Un discorso a parte lo merita la Rebellion, che a Spa ha centrato un terzo e quarto posto assoluti, risultati che lo scorso anno parevano una vera e propria chimera. Il team svizzero, ottenuta finalmente una buona affidabilità, potrebbe centrare sulla Sarthe un risultato importante, sfruttando i soli sei prototipi ibridi presenti. Dopo i due quarti posti ottenuti recentemente, chissà che finalmente non arrivi un podio; un iniezione di fiducia per una categoria, quella delle P1 private, che ancora non trova la propria identità.
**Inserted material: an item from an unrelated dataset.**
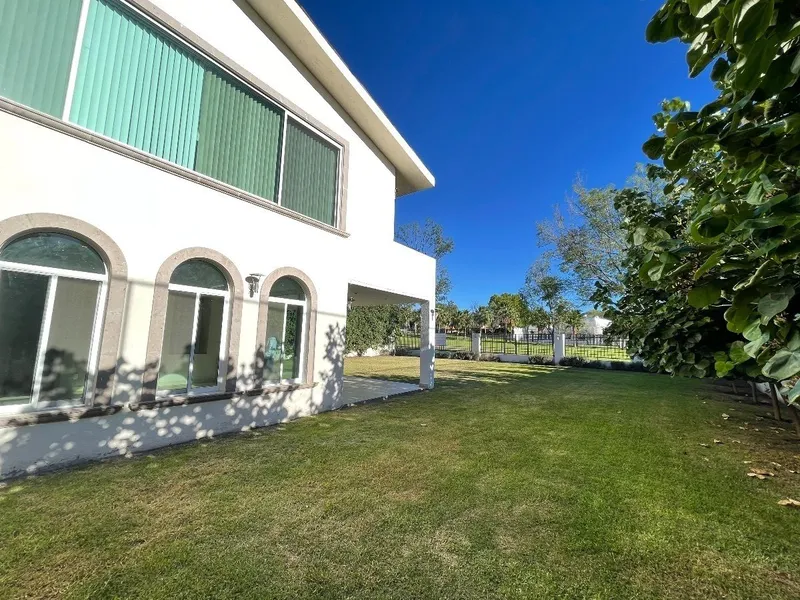 Casa en venta · Juriquilla, Santiago de Querétaro, Querétaro Casa en venta · Juriquilla, Santiago de Querétaro, Querétaro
Bella, avvincente ed incerta la categoria P2, che per l’ennesima volta ha regalato un arrivo al fulmicotone, con ben quattro vetture in soli 6”, anche se una decisione post-corsa ha penalizzato di 23” la Ligier dell’RGR Sport, che comunque ha mantenuto la quarta posizione. La vittoria è andata all’Alpine di Lapierre-Richelmi-Menezes, protagonista nelle ultime tornate di un duello appassionante con la Ligier di Derani-Dalzien-Cumming, culminato con un bel sorpasso alla chicane di Fagne. Sfortunata invece la prova dell’Oreca GDrive: Rast, autore di una Pole magistrale, ha a lungo condotto la gara ma una foratura intorno alla metà di gara ha privato la squadra di un meritato successo. Ormai fuori dai giochi le vecchie Gibson, che fino all’anno scorso avevano detto la loro: neppure il talento di Van Der Garde è bastato per risollevare le prestazioni di un prototipo che nel WEC sembra aver fatto il suo tempo.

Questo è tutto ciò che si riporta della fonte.